→ Data in this exercise
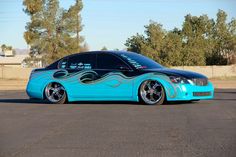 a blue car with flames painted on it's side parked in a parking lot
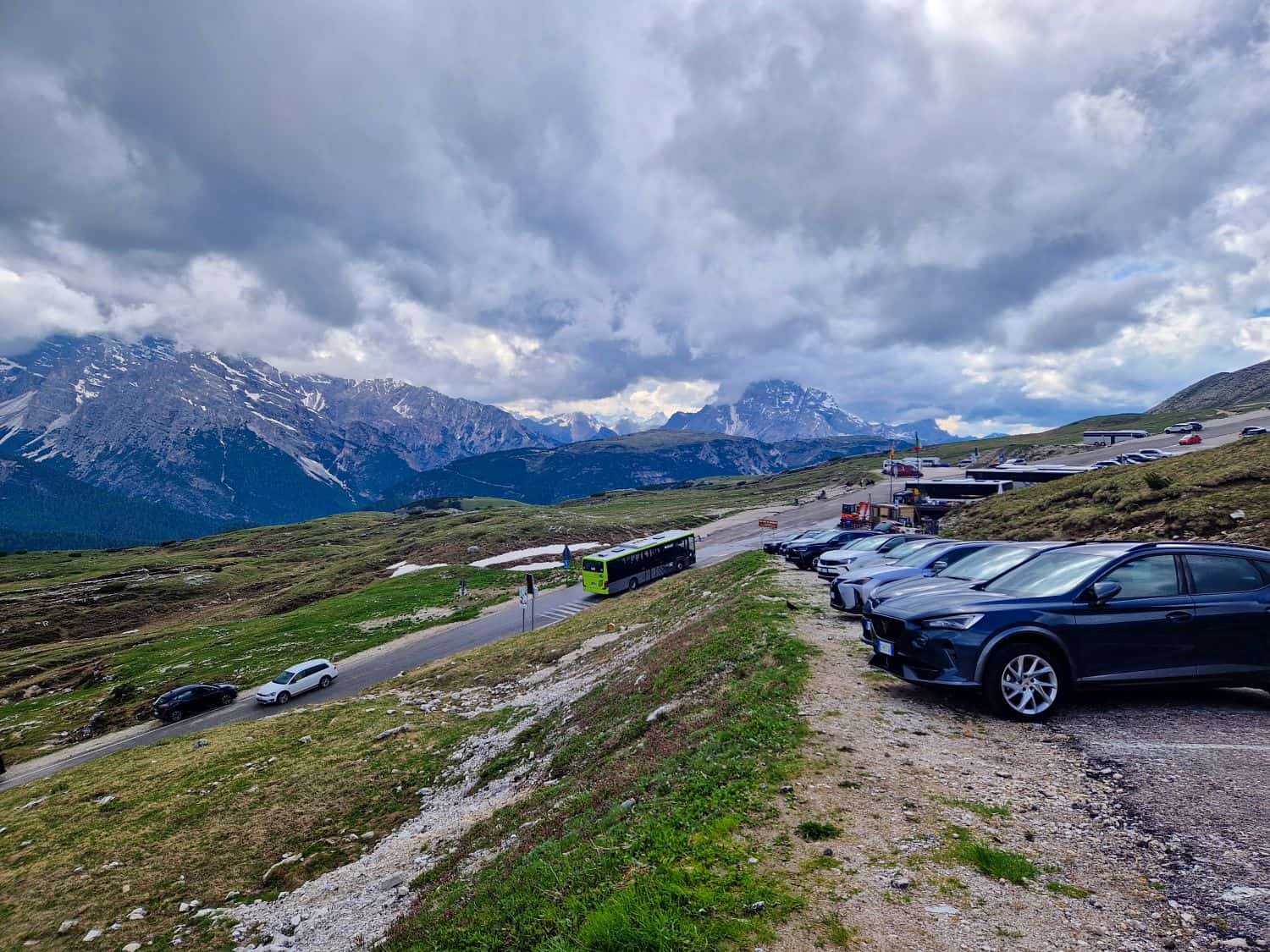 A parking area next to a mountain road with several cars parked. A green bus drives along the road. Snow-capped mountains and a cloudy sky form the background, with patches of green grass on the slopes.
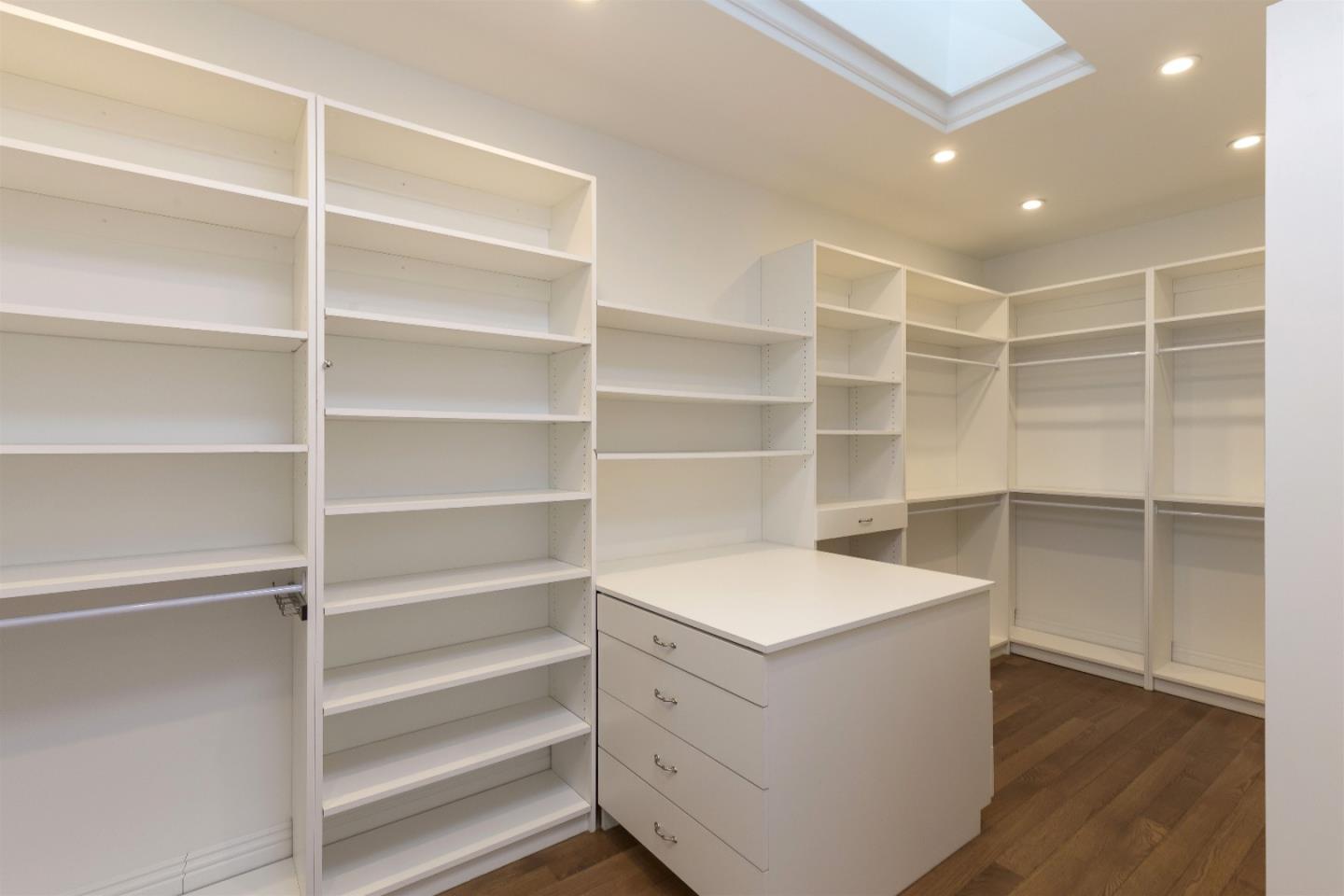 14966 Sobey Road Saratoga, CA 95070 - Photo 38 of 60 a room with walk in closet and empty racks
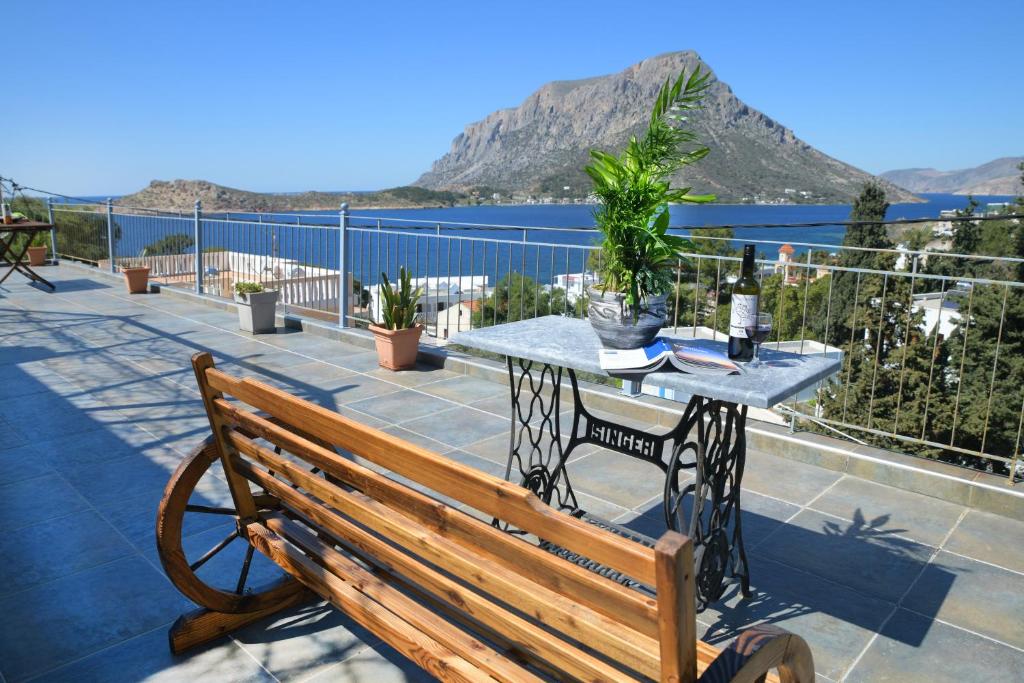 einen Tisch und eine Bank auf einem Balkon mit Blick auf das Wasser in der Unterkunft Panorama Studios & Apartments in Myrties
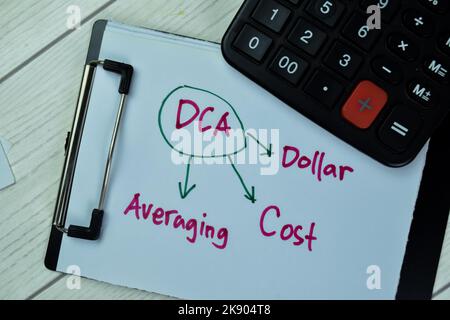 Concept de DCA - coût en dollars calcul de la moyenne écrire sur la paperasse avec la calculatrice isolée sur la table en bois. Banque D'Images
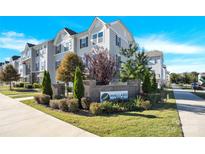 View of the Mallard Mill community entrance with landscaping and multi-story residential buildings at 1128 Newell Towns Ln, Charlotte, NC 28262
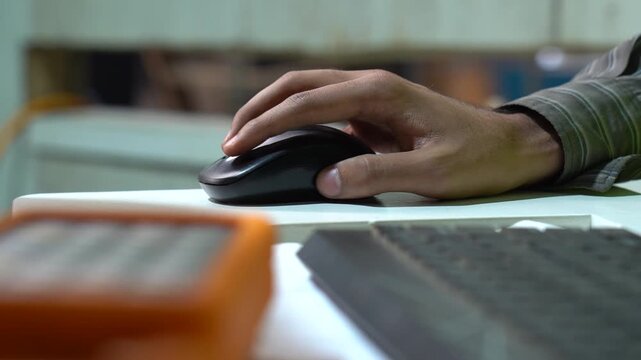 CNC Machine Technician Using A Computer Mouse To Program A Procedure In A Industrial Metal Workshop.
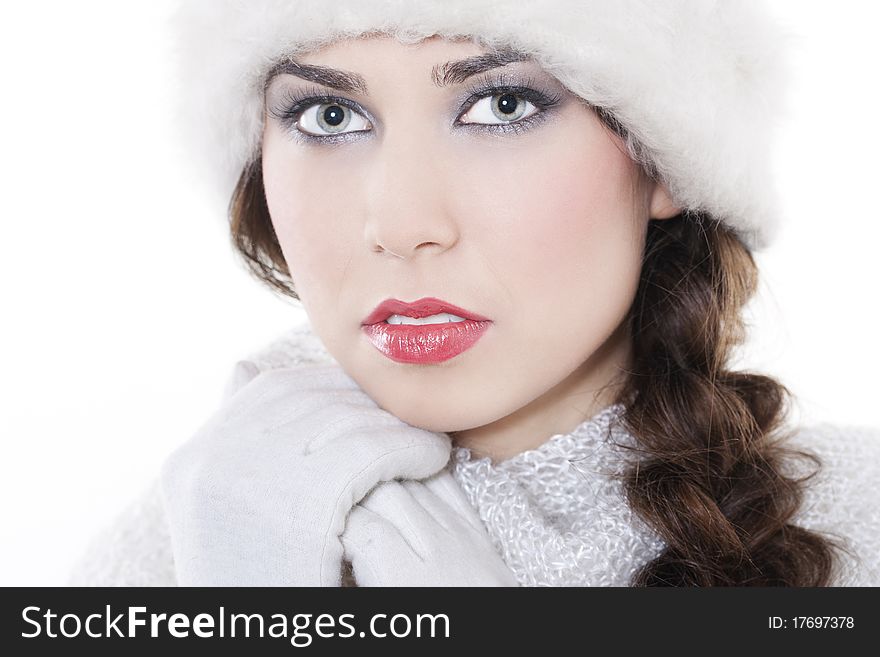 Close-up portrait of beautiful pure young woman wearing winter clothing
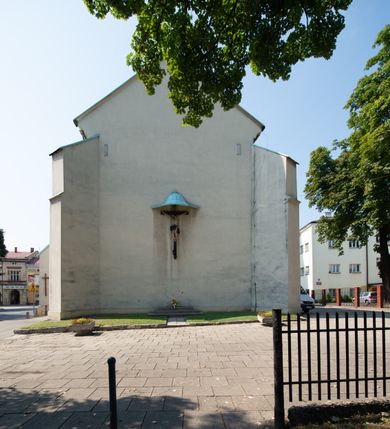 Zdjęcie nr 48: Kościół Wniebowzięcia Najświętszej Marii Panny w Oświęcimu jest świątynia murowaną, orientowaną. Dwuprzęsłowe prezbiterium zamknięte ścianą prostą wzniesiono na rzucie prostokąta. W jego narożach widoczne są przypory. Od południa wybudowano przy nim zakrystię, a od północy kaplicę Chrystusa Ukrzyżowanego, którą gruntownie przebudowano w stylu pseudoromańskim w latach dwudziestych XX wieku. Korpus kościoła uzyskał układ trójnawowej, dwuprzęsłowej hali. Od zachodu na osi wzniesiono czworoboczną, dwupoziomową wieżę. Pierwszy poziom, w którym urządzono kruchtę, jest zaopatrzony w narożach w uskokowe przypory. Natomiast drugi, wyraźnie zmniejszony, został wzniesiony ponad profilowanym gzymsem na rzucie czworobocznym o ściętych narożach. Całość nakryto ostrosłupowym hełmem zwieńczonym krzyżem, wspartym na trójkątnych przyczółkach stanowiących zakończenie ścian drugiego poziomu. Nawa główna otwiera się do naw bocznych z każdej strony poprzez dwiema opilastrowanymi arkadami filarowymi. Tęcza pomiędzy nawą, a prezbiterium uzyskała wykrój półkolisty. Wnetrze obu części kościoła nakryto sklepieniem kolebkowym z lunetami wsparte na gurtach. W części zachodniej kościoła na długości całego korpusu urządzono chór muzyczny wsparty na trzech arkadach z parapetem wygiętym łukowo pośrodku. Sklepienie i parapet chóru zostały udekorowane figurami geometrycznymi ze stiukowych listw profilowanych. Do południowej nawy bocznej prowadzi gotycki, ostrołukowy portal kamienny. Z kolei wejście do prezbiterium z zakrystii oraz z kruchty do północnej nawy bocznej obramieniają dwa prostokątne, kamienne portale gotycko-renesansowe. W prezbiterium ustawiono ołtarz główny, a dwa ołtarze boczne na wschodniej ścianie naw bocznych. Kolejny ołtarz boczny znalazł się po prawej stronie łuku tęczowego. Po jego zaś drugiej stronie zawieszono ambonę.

→ Work order
Set down word for word the lines above from the one with "Concept de DCA" up to and including the one with "View of the". Omit every picture.

→ Answer for this exercise
 Concept de DCA - coût en dollars calcul de la moyenne écrire sur la paperasse avec la calculatrice isolée sur la table en bois. Banque D'Images
 View of the Mallard Mill community entrance with landscaping and multi-story residential buildings at 1128 Newell Towns Ln, Charlotte, NC 28262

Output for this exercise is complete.